▶ [WHAT TO PRODUCE]:
The listing below holds pictures; exclude them. Return exactly the lines from the one with "ab.f.z [ab.f.z] 레이스 배색 프릴 원피스 (AAW2QO51F)" through the one with "KIT TAGLIANDO 1LITRO".

══ INPUT MATERIAL

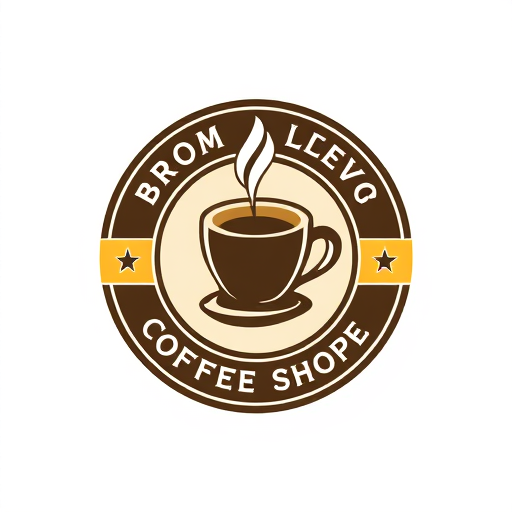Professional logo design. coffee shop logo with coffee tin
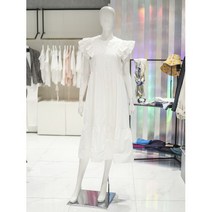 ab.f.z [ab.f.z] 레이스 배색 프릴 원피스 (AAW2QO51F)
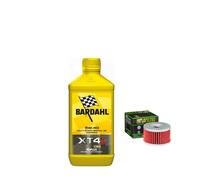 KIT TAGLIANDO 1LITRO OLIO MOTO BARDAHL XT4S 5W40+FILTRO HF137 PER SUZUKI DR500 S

════
══ INPUT MATERIAL

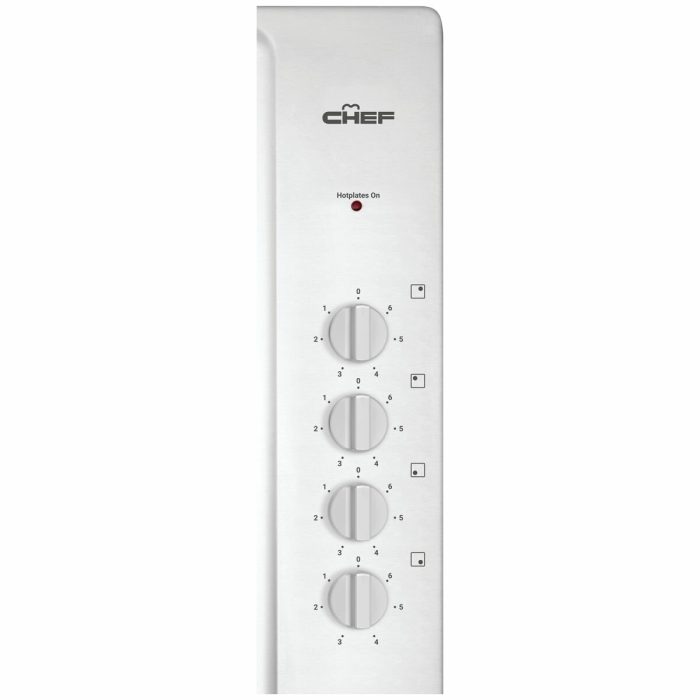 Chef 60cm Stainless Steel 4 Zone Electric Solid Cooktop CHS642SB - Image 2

════

▶ [OUTPUT BELOW]:
 ab.f.z [ab.f.z] 레이스 배색 프릴 원피스 (AAW2QO51F)
 KIT TAGLIANDO 1LITRO OLIO MOTO BARDAHL XT4S 5W40+FILTRO HF137 PER SUZUKI DR500 S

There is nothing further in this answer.